Explains Cybereason's CTO Yonatan Streim Amit: "When our platform sees an anomaly—James working late—we can correlate it with other known behaviors and relevant data. Is he using the same applications and access patterns? Is he sending data to someone he never communicates with or are all communications going to his manager, who is replying back?" Cybereason analyzes the anomaly of James working abnormally late with a long list of other observed data to provide a context for determining if an alert is a false positive or a legitimate concern.
It is IT's job to find answers but it sure helps to have software that can raise the right questions. For instance, two users in a healthcare organization were accessing records of deceased patients. "Why would someone be looking at patients who have passed away two or three years ago, unless you want to do some kind of identity or medical fraud?" asks Amit Kulkarni, CEO of Cognetyx. In identifying this security risk, the Cognetyx system identified the inappropriate access based on the normal activities for that department, and compared the two users' behavior to that of their peers' access patterns and against their own normal behavior.

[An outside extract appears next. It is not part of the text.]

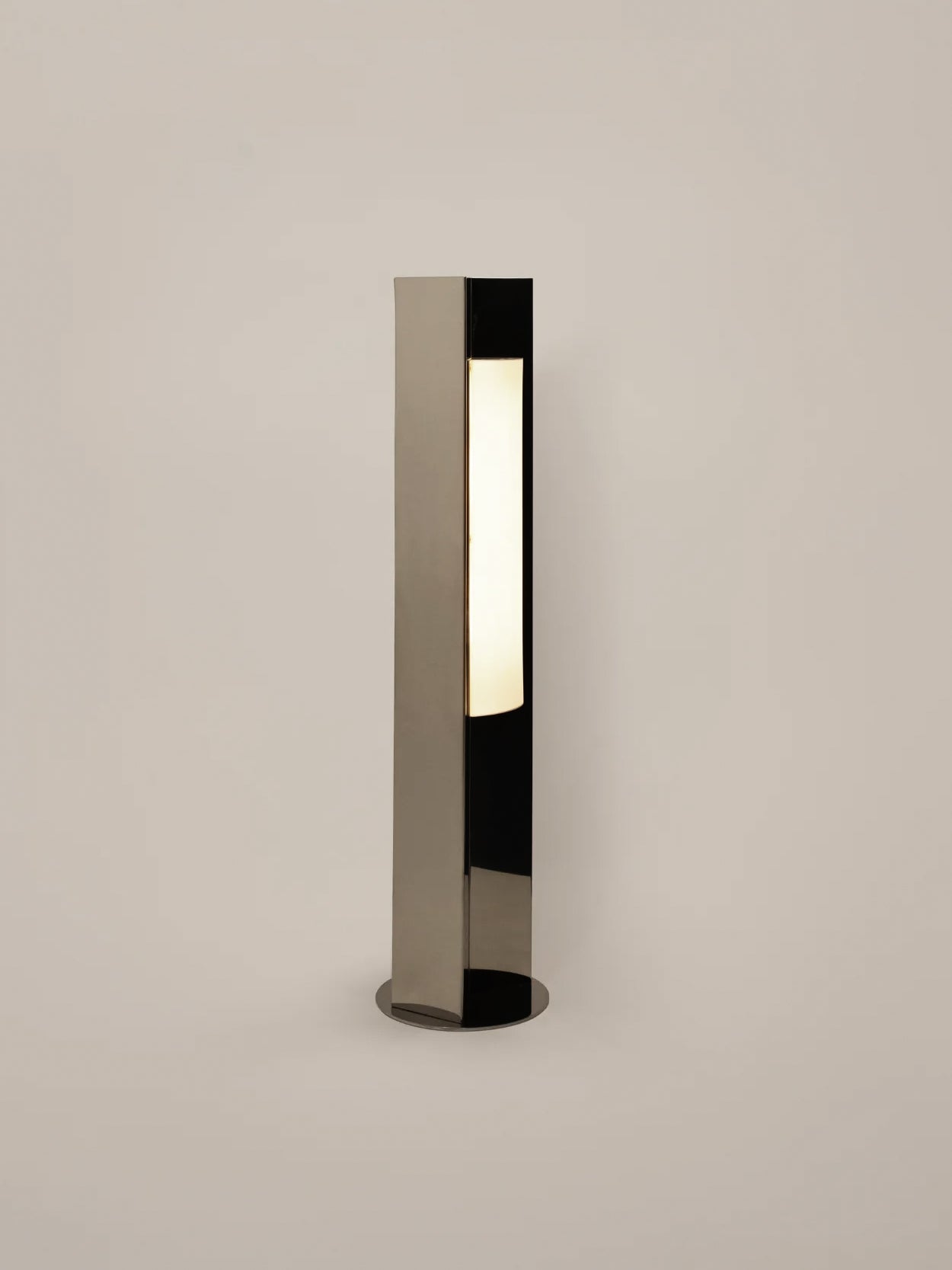 Arrow 120 Floor Lamp with Diffuser
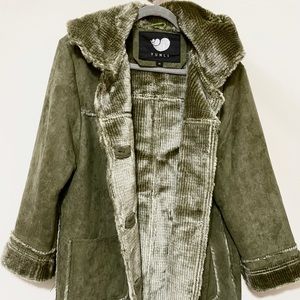 Yunly Heavy Duty Faux Fur Coat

"By definition, machine learning systems are iterative and automated," said Fortscale's Tendler. "They look to 'match' new data against what they've seen before, but won't 'disqualify' anything out of hand or automatically 'throw away' unexpected or out-of-bounds results."
So Fortscale's algorithms look for hidden structures in a data set, even when they don't know what the structure looks like. "Even if we find the unexpected, it provides fodder on which to potentially build a new pattern map. That's what makes machine learning so much more powerful than deterministic rule sets: Machine learning systems can find security problems that have never been seen before."
What happens when the ML system finds an anomaly? Generally, these tools hand off alerts to a human to make a final call in some way since the side effects of a false positive are damaging to the company and its customers. "Troubleshooting and forensics needs human expertise," asserts Balabit's Scheiler. The ideal is that the generated alerts are accurate and automated, and dashboards give a useful overview of system status with the ability to drill into "hey, that's weird" behavior.
It's Just the BeginningDon't assume that ML and IT security is a perfect match like chocolate and peanut butter or cats and the internet. This is a work in progress, though it will gain more power and usefulness as products gain more features, application integration, and tech improvements.
In the short term, look for automation advancements so that security and operations teams can gain new data insights faster and with less human intervention. In the next two or three years, said Mike Paquette, VP of products at Prelert, "we expect advancements to come in two forms: an expanded library of preconfigured use cases that identify attack behaviors, and advances in automated feature selection and configuration, reducing the need for consulting engagements."
The next steps are self-learning systems that can fight back against attacks on their own, said Darktrace's Palmer. "They'll respond to emerging risks from malware, hackers, or disaffected employees in a way that understands the full context of normal behavior of individual devices and the overall business processes, rather than making individual binary decisions like traditional defenses. This will be crucial to responding to faster moving attacks, like extortion-based attacks, that will morph into attacking any valuable asset (not just file systems) and will be designed to react faster than is possible by human beings."
This is an exciting area with plenty of promise. The combination of ML and advanced security tools not only give IT professionals new tools to use but, more importantly, it gives them tools that let them do their jobs more accurately, yet still faster than ever before. While not a silver bullet, it's a significant step forward in a scenario in which the bad guys have had all of the advantages for far too long.